A decisão do STF considerou inconstitucionais os dispositivos que limitavam a participação nas sobras apenas a partidos que alcançassem 80% do quociente eleitoral e candidatos com votação mínima de 20%. Também foi derrubada a regra que previa eleição dos mais votados caso nenhum partido atingisse o quociente.
A partir das retotalizações feitas pelos tribunais eleitorais, novos nomes assumirão as vagas: Professora Marcivânia (PCdoB-AP), Paulo Lemos (PSol-AP), André Abdon (Progressistas-AP), Aline Gurgel (Republicanos-AP), Rodrigo Rollemberg (PSB-DF), Rafael Bento (Podemos-RO) e Tiago Dimas (Podemos-TO).
Revoltado com a medida, Gilvan Máximo anunciou que os deputados cassados iniciarão uma greve de fome no Congresso. Segundo ele, os parlamentares foram eleitos dentro das regras vigentes e não tiveram julgamento pelo Tribunal Superior Eleitoral, como prevê a Constituição.
“Não tivemos ampla defesa no Supremo. Todos os deputados cassados estão decretando uma greve de fome dentro da Câmara dos Deputados”, disse.

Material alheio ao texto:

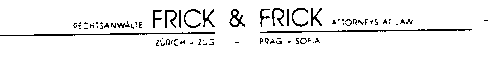 FRICK & FRICK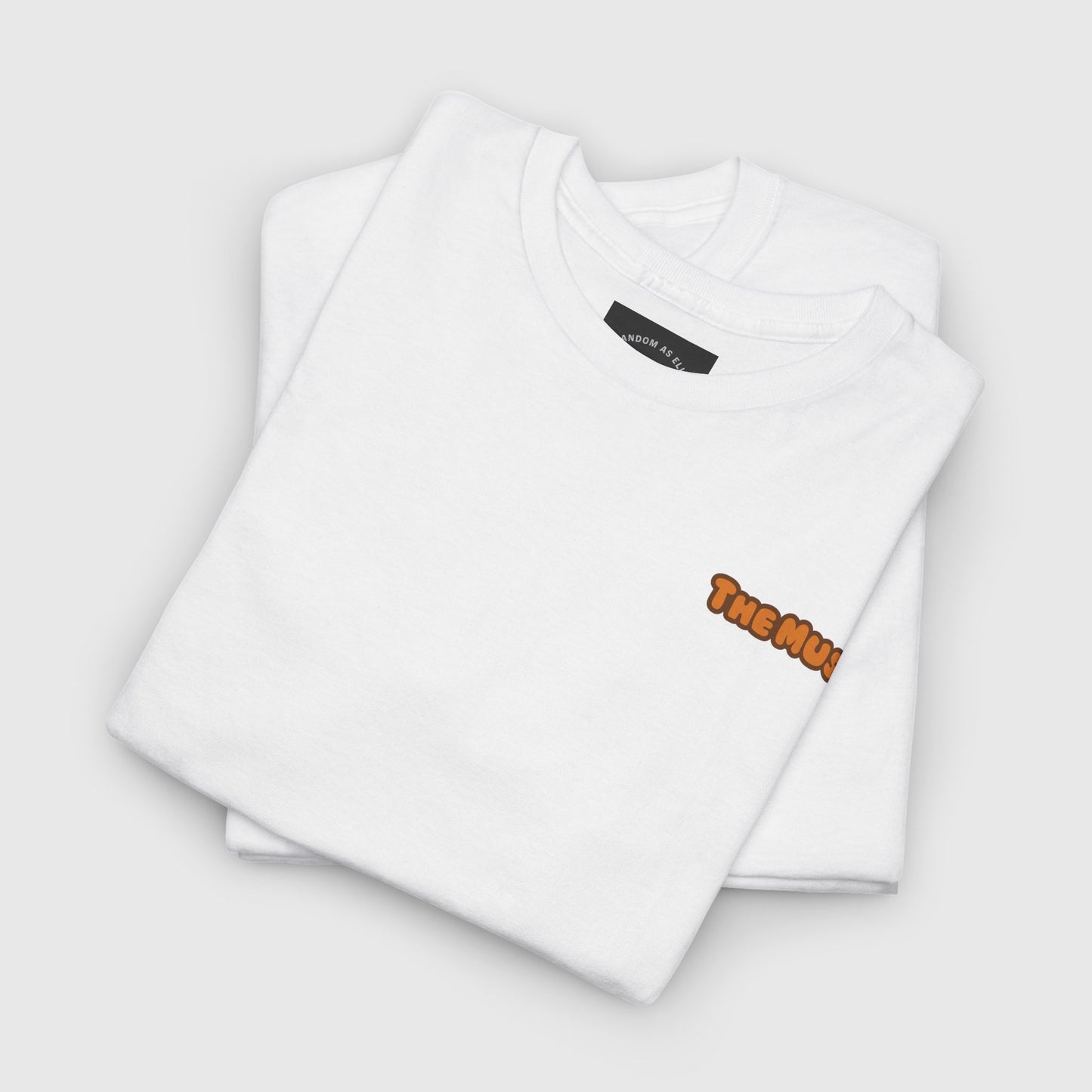 The Muse Unisex Heavy Cotton Tee - Vibrant Expressions Art Tee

Máximo acusou o presidente da Casa, Hugo Motta, de enfraquecer o Legislativo ao cumprir a determinação do STF sem contestação.
“Hugo Motta apequena o parlamento com decisão dessa. Temos o direito de fazer greve de fome e de recorrer a quem tiver que recorrer. Fomos eleitos dentro das normas vigentes. É uma aberração. Nunca na história da democracia aconteceu isso de sete deputados eleitos serem cassados dessa maneira”, protestou.
Com a decisão, a composição da Câmara passa a refletir a nova interpretação do STF, que amplia o acesso de partidos menores às vagas restantes.